A própria ideia de sentido, noção maior da língua quando oposto à forma, perde força no âmbito do contínuo, visto que o sentido apresenta apenas uma descontinuidade semiótica no âmbito da língua. E esse é um posicionamento inaceitável para aqueles que constroem suas bases teóricas sobre essa noção. O exemplo da tradução da Bíblia mostra claramente o quanto é importante para as diferentes religiões se apoiarem nos termos da língua para que continuem mantendo o poder do sentido nas suas mãos. Ao traduzir a Bíblia e indicar que se lê a palavra de Deus nessa tradução soa quase como uma situação cômica no âmbito da poética. Cômica pois esconde aquilo que é mais banal, o fato de não ter sido Deus quem escreveu a tradução, mas o próprio tradutor. É nesse contexto que as diferenças entre o divino, o sagrado e o religioso se tornam salientes. O religioso tende a se esconder atrás das máximas da língua e, ao fazê-lo, se confunde com o divino e com o sagrado. No entanto, a poética alerta para o fato de que a situação passada e atual das religiões tem

sido mais de separação, através da morte, do que de ligação entre homem e Deus, entre os homens entre si.
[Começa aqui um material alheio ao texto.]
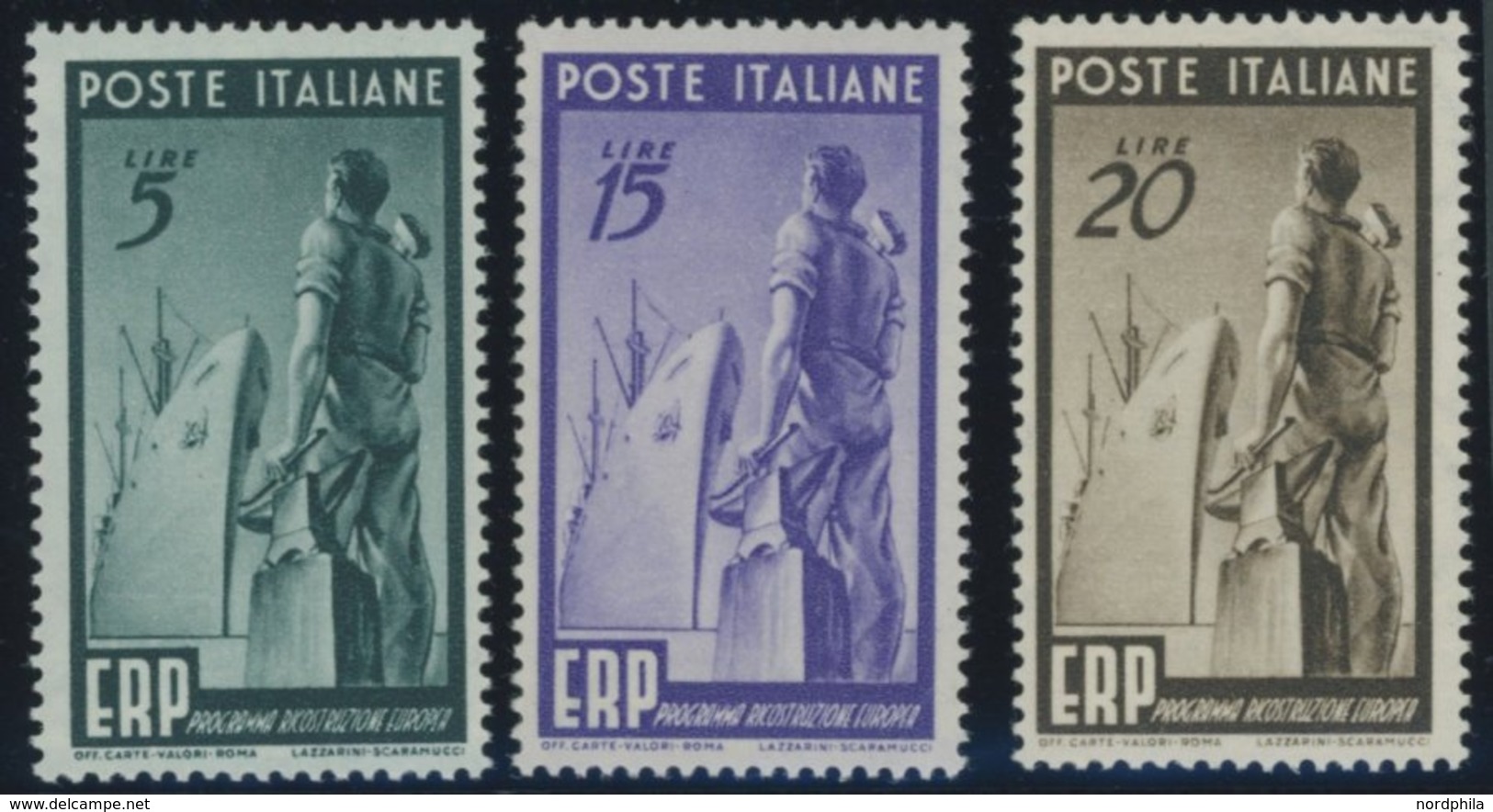 ITALIEN 774-76 **, 1949, Marshall-Plan, Postfrischer Prachtsatz, Mi. 130.- - Usados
A poética não entra no debate pois ela representa uma ameaça para o estado atual do pensamento sobre a linguagem e, consequentemente, sobre a tradução. Ela põe em risco o império do signo e isso não é permitido. Caso a poética do traduzir seja incluída na discussão de forma igualitária, o pensamento sobre a linguagem será modificado e terá que arcar com as consequências dessa modificação. No entanto, é preferível se manter na zona de conforto, onde todas as coisas já estão bem acomodadas e funcionam para que se mantenham estáveis. A poética representaria a própria instabilidade. Ela seria o abalo sísmico do pensamento sobre a linguagem.